### Data under study
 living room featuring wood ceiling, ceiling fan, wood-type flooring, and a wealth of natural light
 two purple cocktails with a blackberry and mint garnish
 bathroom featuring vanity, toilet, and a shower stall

--

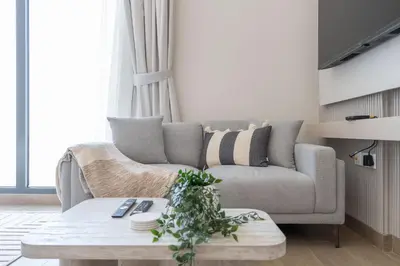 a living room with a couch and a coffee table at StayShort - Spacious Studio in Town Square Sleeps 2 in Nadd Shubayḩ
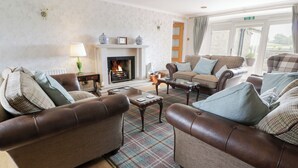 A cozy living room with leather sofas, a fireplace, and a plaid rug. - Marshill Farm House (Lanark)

* * *

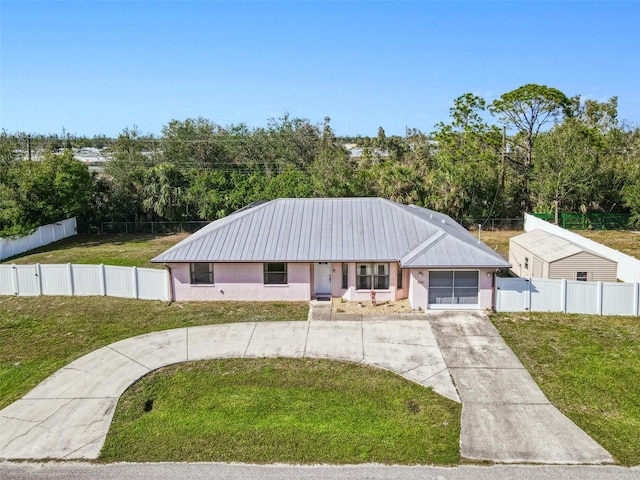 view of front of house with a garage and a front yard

### About this exercise
Among the entries above, the line containing "two purple cocktails", the line containing "bathroom featuring vanity, toilet, and", and all lines between them are to be restated word for word; nothing else belongs in the reply.

### Exercise answer
 two purple cocktails with a blackberry and mint garnish
 bathroom featuring vanity, toilet, and a shower stall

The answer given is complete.